I didn't read the blurb carefully enough to know that this really wasn't about the San Francisco earthquake of 1906. That was merely the backdrop. (I guess that was the case with the previous two novels that I read.) The Nature of Fragile Things is about Sophie, mail order bride to Martin Hocking. Sophie had emigrated from Ireland to New York City. She answered Martin's newspaper ad for a wife and a mother for his daughter, Kat. Sophie takes the train across the country. Martin picks her up at the train station and they quickly head off to get married. Sophie's life in San Francisco is more comfortable than she ever imagined and while she never develops a real affection for Martin - who is quite odd - her affection for silent Kat grows and grows, as does her concern over why Kat so rarely speaks.

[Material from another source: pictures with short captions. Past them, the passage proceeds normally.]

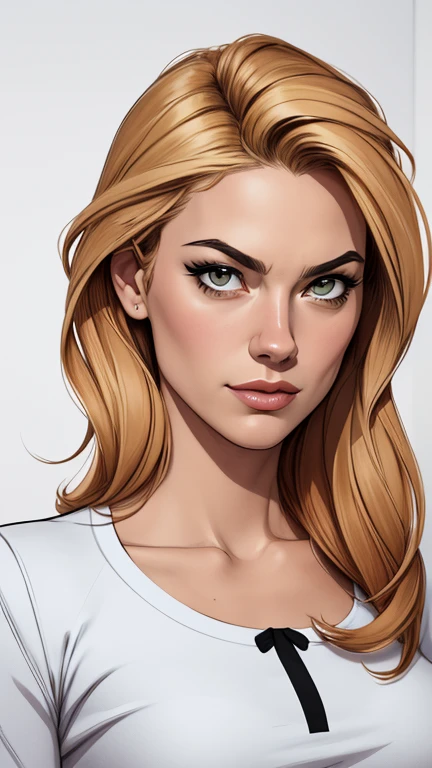 estilo de desenho animado:1.2), Yvonne Strahovski mulher Imagem de desenho animado de uma mulher , roupas sensuais , garota super fofa, authoritarian would be facial expressioncartoon style illustration, estilo de arte dos desenhos animados, estilo de arte dos desenhos animados, digital illustration style, design de personagens altamente detalhado, arte digital detalhada fofa, City fan art, design de personagem retrato, beautiful digital illustration, retrato de alta qualidade, arte em quadrinhos, retrato do design do personagem, white background Buso without clothes and medium breasts, beautiful and symmetrical body curves
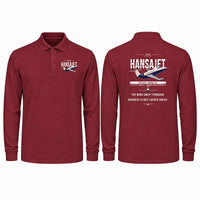 Thumbnail for HFB 320 Hansa Jet Premium Polo T-Shirts - Original - Long Sleeve - Dark Red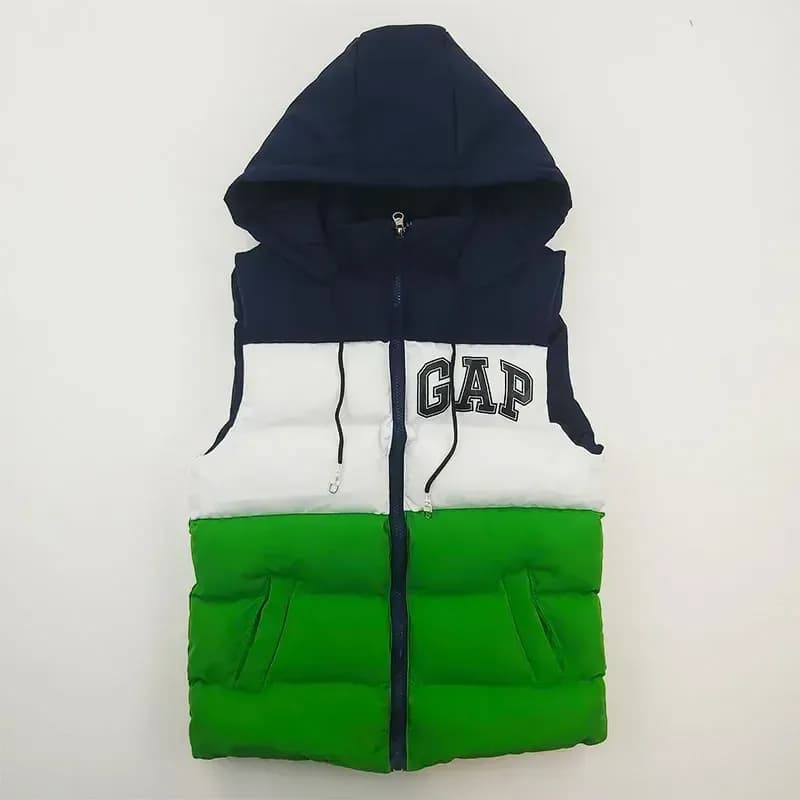 پافر پسرانه GAP سبز سه رنگ شمعی جیبدار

A stranger had come knocking at the door of Sophie and Martin's house on the eve of the great earthquake which answers some of Sophie's questions but unravels a few more. It has Sophie leaving San Francisco to get some of her questions answered, especially those regarding Kat.

The Nature of Fragile Things is a novel about what it means to be a mother, a wife and a friend. It demonstrates how strong women's friendships can be.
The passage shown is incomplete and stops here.